> [Task to carry out]
All entries must be transcribed without a single difference.

[Dataset excerpts]

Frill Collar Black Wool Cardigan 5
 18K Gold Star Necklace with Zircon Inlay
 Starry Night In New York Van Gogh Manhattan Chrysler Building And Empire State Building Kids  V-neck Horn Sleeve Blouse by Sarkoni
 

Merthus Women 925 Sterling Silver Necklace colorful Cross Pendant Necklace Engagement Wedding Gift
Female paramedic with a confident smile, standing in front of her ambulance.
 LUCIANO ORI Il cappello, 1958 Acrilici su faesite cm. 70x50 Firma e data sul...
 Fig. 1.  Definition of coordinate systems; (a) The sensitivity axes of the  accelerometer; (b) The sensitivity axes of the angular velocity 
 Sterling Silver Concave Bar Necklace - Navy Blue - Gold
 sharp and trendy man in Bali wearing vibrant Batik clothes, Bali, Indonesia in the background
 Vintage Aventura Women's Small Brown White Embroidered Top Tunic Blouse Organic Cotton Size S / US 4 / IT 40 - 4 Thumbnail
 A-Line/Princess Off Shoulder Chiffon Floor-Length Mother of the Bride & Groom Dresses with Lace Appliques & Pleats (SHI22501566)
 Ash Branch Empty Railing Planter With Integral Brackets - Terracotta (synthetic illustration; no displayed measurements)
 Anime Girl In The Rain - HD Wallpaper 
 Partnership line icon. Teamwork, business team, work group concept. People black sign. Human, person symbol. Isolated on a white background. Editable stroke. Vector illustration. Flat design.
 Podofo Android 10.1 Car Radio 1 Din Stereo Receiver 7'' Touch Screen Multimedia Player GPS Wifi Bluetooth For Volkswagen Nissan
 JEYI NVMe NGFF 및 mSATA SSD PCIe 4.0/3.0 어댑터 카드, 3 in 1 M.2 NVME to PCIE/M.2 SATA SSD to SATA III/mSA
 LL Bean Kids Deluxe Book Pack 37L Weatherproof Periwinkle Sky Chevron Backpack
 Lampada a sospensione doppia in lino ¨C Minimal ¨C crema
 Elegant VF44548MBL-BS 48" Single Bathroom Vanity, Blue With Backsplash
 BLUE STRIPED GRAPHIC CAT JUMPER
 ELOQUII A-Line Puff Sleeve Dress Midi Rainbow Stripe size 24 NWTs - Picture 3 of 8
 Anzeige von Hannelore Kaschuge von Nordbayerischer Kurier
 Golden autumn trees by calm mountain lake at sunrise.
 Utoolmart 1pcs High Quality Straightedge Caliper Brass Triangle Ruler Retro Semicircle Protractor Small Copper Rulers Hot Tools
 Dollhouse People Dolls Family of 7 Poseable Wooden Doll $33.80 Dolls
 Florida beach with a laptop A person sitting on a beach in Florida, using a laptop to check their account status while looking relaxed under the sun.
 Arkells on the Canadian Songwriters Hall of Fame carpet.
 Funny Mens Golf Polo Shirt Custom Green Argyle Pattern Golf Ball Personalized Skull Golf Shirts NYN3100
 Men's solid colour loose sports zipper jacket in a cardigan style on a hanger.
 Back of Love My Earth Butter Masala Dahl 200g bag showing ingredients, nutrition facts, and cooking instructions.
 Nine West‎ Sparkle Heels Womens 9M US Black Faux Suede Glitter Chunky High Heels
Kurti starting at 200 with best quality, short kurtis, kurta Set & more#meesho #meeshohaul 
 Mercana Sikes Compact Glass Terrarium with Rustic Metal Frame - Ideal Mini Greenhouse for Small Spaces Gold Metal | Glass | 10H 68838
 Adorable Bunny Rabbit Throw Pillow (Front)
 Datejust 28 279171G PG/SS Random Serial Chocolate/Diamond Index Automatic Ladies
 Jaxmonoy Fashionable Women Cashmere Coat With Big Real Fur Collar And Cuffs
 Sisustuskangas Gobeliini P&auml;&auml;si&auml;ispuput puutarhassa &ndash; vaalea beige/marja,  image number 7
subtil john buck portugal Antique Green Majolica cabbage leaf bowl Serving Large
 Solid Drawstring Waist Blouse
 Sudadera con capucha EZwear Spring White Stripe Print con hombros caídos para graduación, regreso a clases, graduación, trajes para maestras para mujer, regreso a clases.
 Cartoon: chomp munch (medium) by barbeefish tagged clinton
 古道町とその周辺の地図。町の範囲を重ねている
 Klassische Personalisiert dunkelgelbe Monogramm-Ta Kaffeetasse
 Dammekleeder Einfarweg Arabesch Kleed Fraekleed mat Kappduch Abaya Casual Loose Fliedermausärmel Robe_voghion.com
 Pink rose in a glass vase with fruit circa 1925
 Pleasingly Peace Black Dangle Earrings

> [Output]
Frill Collar Black Wool Cardigan 5
 18K Gold Star Necklace with Zircon Inlay
 Starry Night In New York Van Gogh Manhattan Chrysler Building And Empire State Building Kids  V-neck Horn Sleeve Blouse by Sarkoni
 

Merthus Women 925 Sterling Silver Necklace colorful Cross Pendant Necklace Engagement Wedding Gift
Female paramedic with a confident smile, standing in front of her ambulance.
 LUCIANO ORI Il cappello, 1958 Acrilici su faesite cm. 70x50 Firma e data sul...
 Fig. 1.  Definition of coordinate systems; (a) The sensitivity axes of the  accelerometer; (b) The sensitivity axes of the angular velocity 
 Sterling Silver Concave Bar Necklace - Navy Blue - Gold
 sharp and trendy man in Bali wearing vibrant Batik clothes, Bali, Indonesia in the background
 Vintage Aventura Women's Small Brown White Embroidered Top Tunic Blouse Organic Cotton Size S / US 4 / IT 40 - 4 Thumbnail
 A-Line/Princess Off Shoulder Chiffon Floor-Length Mother of the Bride & Groom Dresses with Lace Appliques & Pleats (SHI22501566)
 Ash Branch Empty Railing Planter With Integral Brackets - Terracotta (synthetic illustration; no displayed measurements)
 Anime Girl In The Rain - HD Wallpaper 
 Partnership line icon. Teamwork, business team, work group concept. People black sign. Human, person symbol. Isolated on a white background. Editable stroke. Vector illustration. Flat design.
 Podofo Android 10.1 Car Radio 1 Din Stereo Receiver 7'' Touch Screen Multimedia Player GPS Wifi Bluetooth For Volkswagen Nissan
 JEYI NVMe NGFF 및 mSATA SSD PCIe 4.0/3.0 어댑터 카드, 3 in 1 M.2 NVME to PCIE/M.2 SATA SSD to SATA III/mSA
 LL Bean Kids Deluxe Book Pack 37L Weatherproof Periwinkle Sky Chevron Backpack
 Lampada a sospensione doppia in lino ¨C Minimal ¨C crema
 Elegant VF44548MBL-BS 48" Single Bathroom Vanity, Blue With Backsplash
 BLUE STRIPED GRAPHIC CAT JUMPER
 ELOQUII A-Line Puff Sleeve Dress Midi Rainbow Stripe size 24 NWTs - Picture 3 of 8
 Anzeige von Hannelore Kaschuge von Nordbayerischer Kurier
 Golden autumn trees by calm mountain lake at sunrise.
 Utoolmart 1pcs High Quality Straightedge Caliper Brass Triangle Ruler Retro Semicircle Protractor Small Copper Rulers Hot Tools
 Dollhouse People Dolls Family of 7 Poseable Wooden Doll $33.80 Dolls
 Florida beach with a laptop A person sitting on a beach in Florida, using a laptop to check their account status while looking relaxed under the sun.
 Arkells on the Canadian Songwriters Hall of Fame carpet.
 Funny Mens Golf Polo Shirt Custom Green Argyle Pattern Golf Ball Personalized Skull Golf Shirts NYN3100
 Men's solid colour loose sports zipper jacket in a cardigan style on a hanger.
 Back of Love My Earth Butter Masala Dahl 200g bag showing ingredients, nutrition facts, and cooking instructions.
 Nine West‎ Sparkle Heels Womens 9M US Black Faux Suede Glitter Chunky High Heels
Kurti starting at 200 with best quality, short kurtis, kurta Set & more#meesho #meeshohaul 
 Mercana Sikes Compact Glass Terrarium with Rustic Metal Frame - Ideal Mini Greenhouse for Small Spaces Gold Metal | Glass | 10H 68838
 Adorable Bunny Rabbit Throw Pillow (Front)
 Datejust 28 279171G PG/SS Random Serial Chocolate/Diamond Index Automatic Ladies
 Jaxmonoy Fashionable Women Cashmere Coat With Big Real Fur Collar And Cuffs
 Sisustuskangas Gobeliini P&auml;&auml;si&auml;ispuput puutarhassa &ndash; vaalea beige/marja,  image number 7
subtil john buck portugal Antique Green Majolica cabbage leaf bowl Serving Large
 Solid Drawstring Waist Blouse
 Sudadera con capucha EZwear Spring White Stripe Print con hombros caídos para graduación, regreso a clases, graduación, trajes para maestras para mujer, regreso a clases.
 Cartoon: chomp munch (medium) by barbeefish tagged clinton
 古道町とその周辺の地図。町の範囲を重ねている
 Klassische Personalisiert dunkelgelbe Monogramm-Ta Kaffeetasse
 Dammekleeder Einfarweg Arabesch Kleed Fraekleed mat Kappduch Abaya Casual Loose Fliedermausärmel Robe_voghion.com
 Pink rose in a glass vase with fruit circa 1925
 Pleasingly Peace Black Dangle Earrings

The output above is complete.